Romania’s western neighbor has a decidedly blunt approach to migration. It constructed a double fence — razor wired and electrified — on its border with Serbia. It has detained asylum-seekers in metal shipping containers and border guards have beaten migrants caught illegally crossing.
In response, some refugees have diverted through Romania. As of July, 2,800 people have been apprehended by Romanian police on the land borders, compared to almost half that amount for the whole of 2016. In August, two Afghan migrants suffered serious injuries after Romanian border police opened fire on a smugglers’ car that broke through a checkpoint at high speed.
Those who claim asylum in Romania are usually hosted in open reception facilities. Those who don’t are put into “public custody” — essentially a detention center. Asylum-seekers in Romania receive about $3 per day for food and are allowed to begin working three months after submitting their application.
For migrants using Romania as the first stop on their journey, it doesn’t always make sense to apply for asylum there.
“Some say they are moving onwards and they have no interest in applying for asylum as they have family members elsewhere in Europe,” Jesudoss explained. “There is also this perception that the grass is greener on the other side.”
Zoran said his family paid smugglers $3,000 to sail from Turkey. (Others paid up to $5,000.) They say they intend to remain in Romania, but if they do, they’ll be an exception. The country has just a few small migrant communities, an underdeveloped asylum system and is one of the poorest countries in Europe. Most of Romania’s boat refugees are leaving as quickly as they arrived, to seek opportunities elsewhere, following hundreds of thousands of Romania’s own citizens.

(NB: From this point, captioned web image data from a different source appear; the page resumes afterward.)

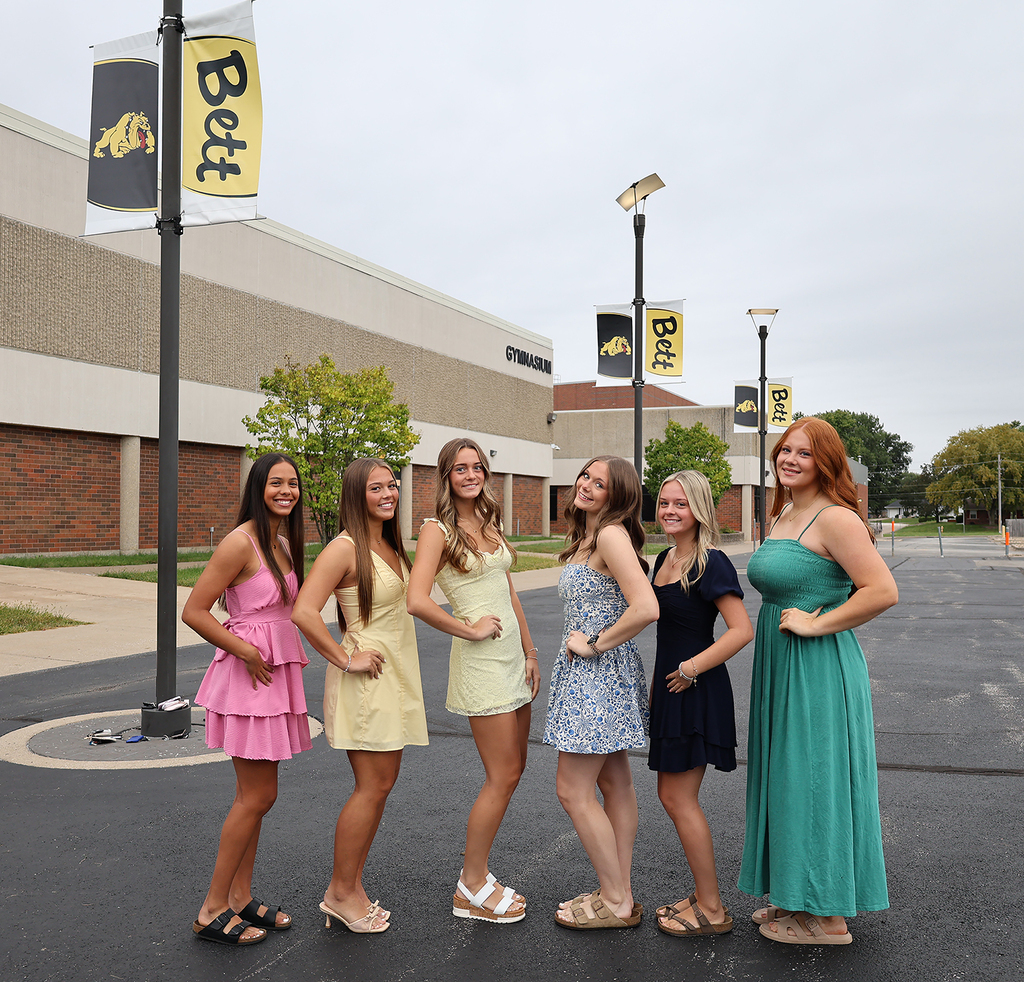 Addison Woelfel , Katelyn Fritz , Haley Engels,  Carolyn Halbur, Lily Curless, and Macy Faust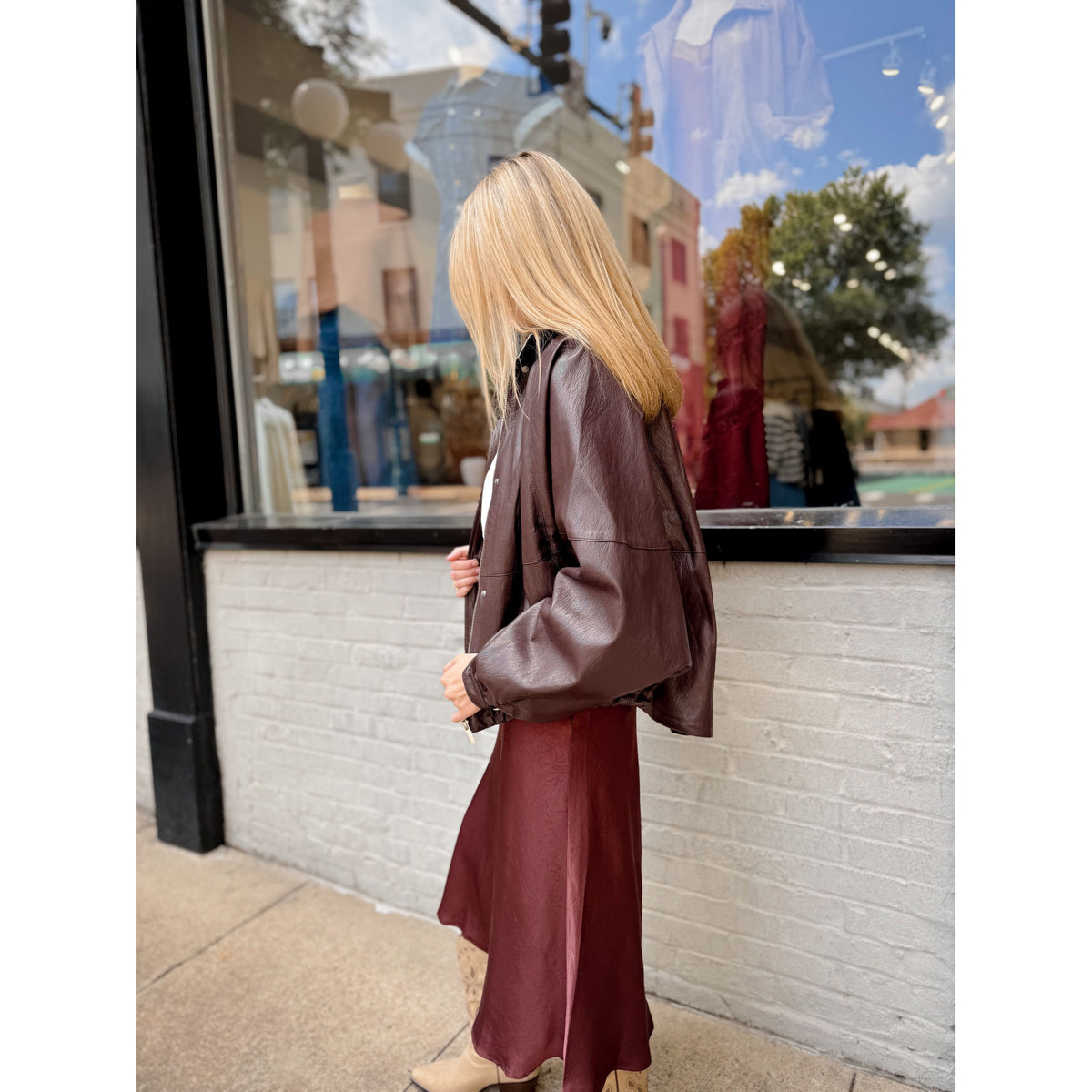 Victoria Oversized Bomber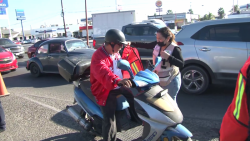 Entregan chalecos antirreflejantes a motociclistas en Mazatlán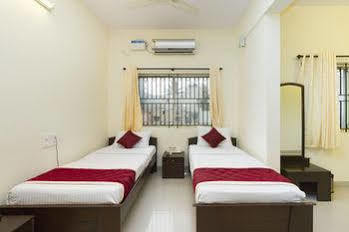 Super Oyo Capital O Premium Hotel Victoria Heights Near Sri Someshwara Swami Temple Bangalore Esterno foto
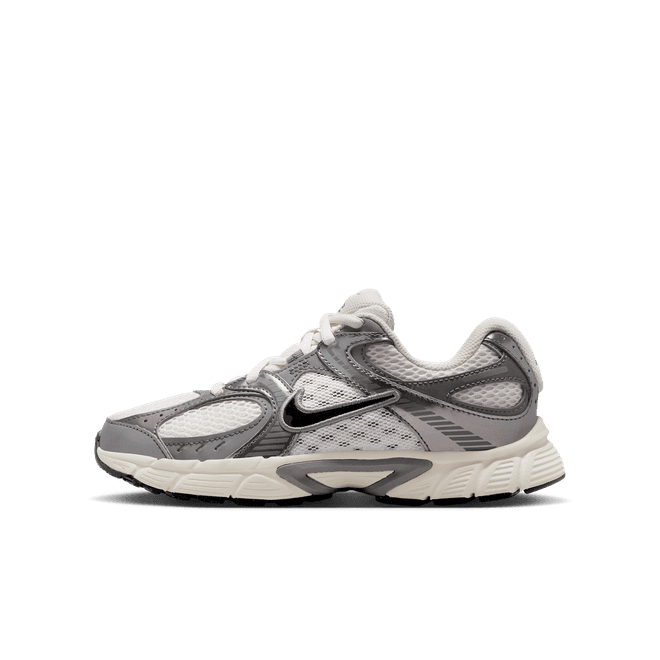 Nike V5 RNR Older Kids'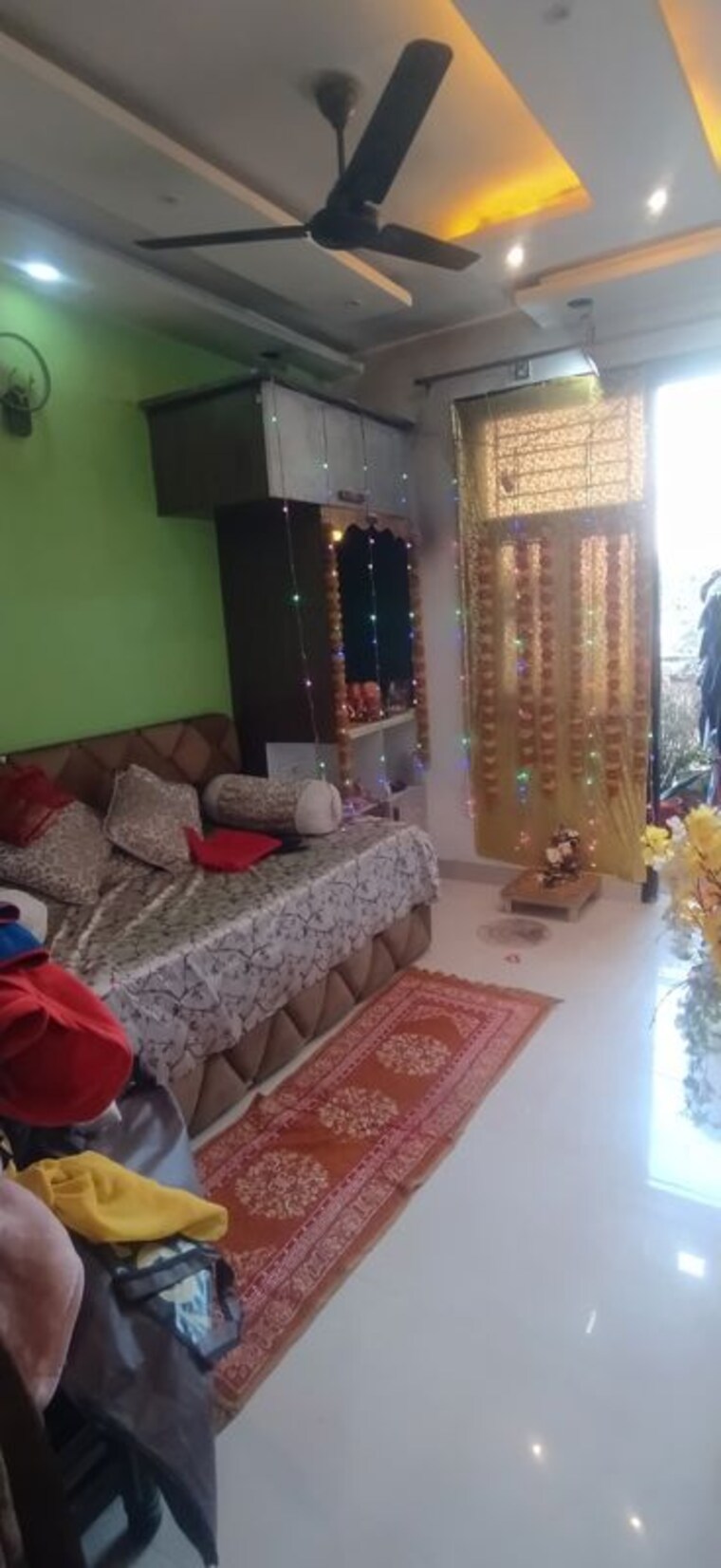 Living Room, vipin garden 3 Bedroom 100 Sq.Yd. Builder Floor In Vipin Garden Delhi 9942982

Romania participates in an EU scheme that legally relocates some eligible refugees from the overburdened states of Italy and Greece. Since the plan’s inception, Romania has received about 700 out of a commitment to relocate 3,500. Most are thought to have left.
But not all refugees eschew Romania. Mohamad Zatari and Mehdi Aminian, both exiled musicians from Syria and Iran, respectively, have lived in Bucharest for about three years, collaborating with musicians from across Europe on a fusion of musical styles. They’re enjoying the Romanian chapter in their lives but understand that the country remains largely unknown to most refugees.
“I think from the psychological perspective of refugees,” Aminian says, “maybe one of the reasons some don’t want to stay is because of the prestige of telling friends, ‘Hey, we managed to get to Germany,’ and if they stay here they feel like a loser even though the life might be a lot better for them here.”
Zatari thinks, regardless of the country, Europe and the new wave of refugees are yet to develop their relationship.
“There is a lack of cultural exchange in Europe,” he says. “Most refugees are being assimilated, rather than integrated, and neither side is learning from one another.”
Romania will need to face this reality sooner or later, even though most migrants seem determined to move on to other EU countries. Under EU laws, asylum-seekers are usually fingerprinted at the first EU country they enter, meaning they can be sent back from other countries to the ones where they first registered. As more migrants are fingerprinted in Romania and abscond, it’s possible that the migrant population in the country could increase with returnees.
“The political system here needs a lot of improvement, not just for refugees but for Romanians so maybe their last priority is to provide some ground for the newcomers,” Aminian says. “But I tell people here that they need to prepare for this. Every year climate change and wars will worsen and these people will have to go somewhere. It’s a matter of life and death for them and Romania is one of the gates.”
*The names of asylum-seekers have been changed to protect their identities.
Andrew Connelly reported from Bucharest, Romania.